Et j'ai la neige dans la bouche, fermant tes yeux:
petit peuple de hantômes --
(cristallisés froids durs debout sur la langue,
les paupières, en couche légère dans les assiettes,
en mouvement dansant irréfléchi sur le pare-brise,
dans le rêve durant lequel je te)
Page 28
-- si nous nous croisions aujourd'hui
nous ne nous reconnaîtrions pas
je passerais près de toi sans savoir ne sache pas --
-- ni moi je ne suis pas
reconnaissable --
Page 40
Je ne peux pas te dire la cécité de tes yeux
-- entrouverts sans vie noircis
rêveur mort je ne peux pas
déjà surchargé ce n'est plus lui
le rêvé
Page 46
En exergue
Fantôme, n.m.
4) Feuille, carton que l'on
met à la place d'un livre sorti
d'un rayon de bibliothèque,
d'un document emprunté, etc.
Petit Larousse
...mon fils le commandant fantôme de l'écriture
Hélène Cixous
in
hantômes
Isabelle Baladine Howald
Editions Isabelle Sauvage
mai 2016
Peinture :
Les Trois Âges de la femme, détail, 1905,
par Gustav Klimt (1862-1918)
A propos du TAG : Entre Brahms et Trakl :
Sur le marché de la poésie 2016, place Saint-Sulpice, j'ai rencontré Marion Graf -- traductrice et critique littéraire, qui a traduit notamment Robert Walser --, présente au marché en tant que responsable de publication de la Revue de Belles-Lettres. Nous avons parlé de Georg Trakl, mon poète fétiche depuis quelques mois maintenant, auquel sa Revue a consacré un pan de son numéro 2014, I. Et c'est Marion Graf qui m'a emmenée vers Isabelle Baladine Howald sur le stand des éditions Isabelle Sauvage, où j'ai acquis ce petit recueil poignant Hantômes.

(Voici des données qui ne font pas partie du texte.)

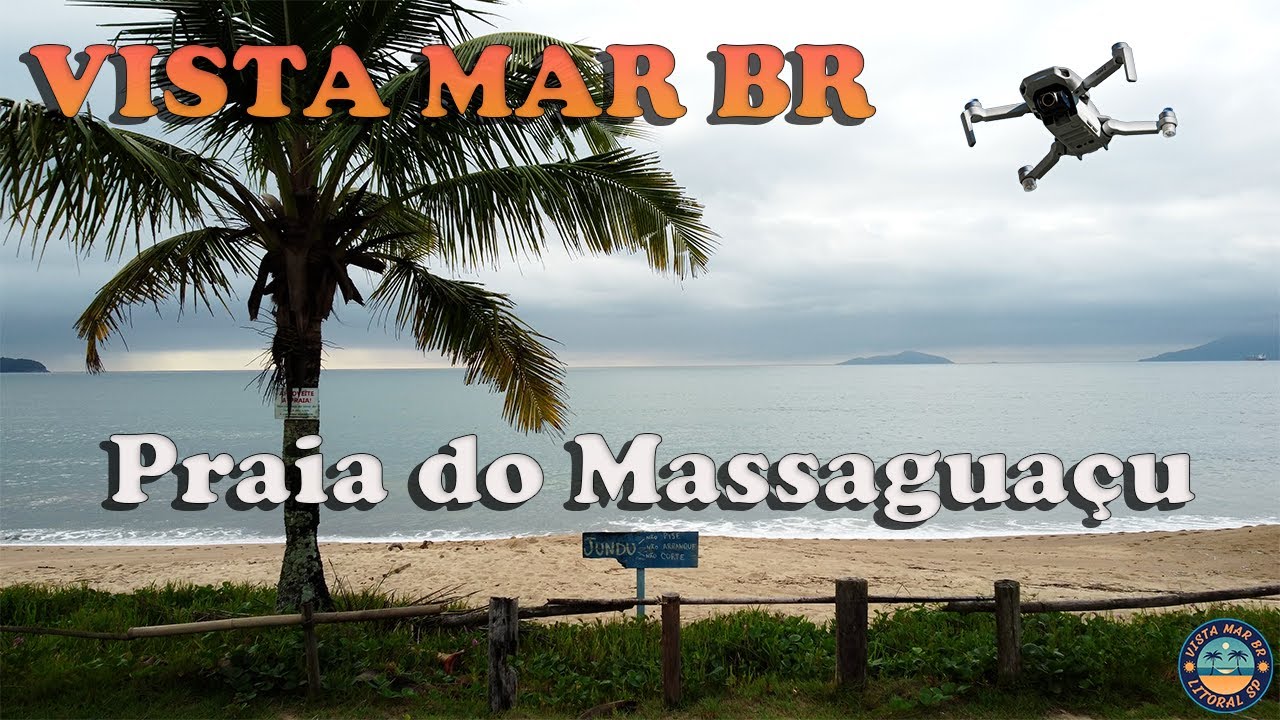 Praia do Massaguaçu - Caraguatatuba/SP - Drone 4K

Isabelle Baladine Howald a traduit Trakl, en particulier pour ce n° 2014, I de la Revue de Belles-Lettres, dans la rubrique Traducere. Mais sur ces poèmes de Trakl traduits par elle, je reviendrai dans un prochain billet.
Ces rencontres sont venues nourrir cet Entre Brahms et Trakl, qui pour moi compose tout un monde, dans lequel je prends place. Un monde de couleurs picturales et musicales qui rythment en ce moment mon écriture et ma peinture ; une richesse de tons, de tonalités, de nuances oscillent dans ma tête entre le fantastique et la réalité la plus dure, que ce soit la réalité du monde humain, ou celle de la nature, si souvent évoquée par mes deux maestros ; cette nature dont les éléments savent se déchaîner et s'apaiser aussitôt dans les concertos ou dans les symphonies de Brahms; cette nature omniprésente dans la poésie de Trakl.
Une série de tableaux Entre Brahms et Trakl voit le jour. La musique du compositeur allemand résonne souvent dans mon atelier. Je me gorge de Sébastien en rêve : " 3 : Rose cloche pascale dans le caveau de la nuit / Et les voix d'argent des étoiles (...)" -- G. Trakl, traduction d'I. Baladine Howald, page 167, pour la Revue de Belles-Lettres -- J'y reviendrai.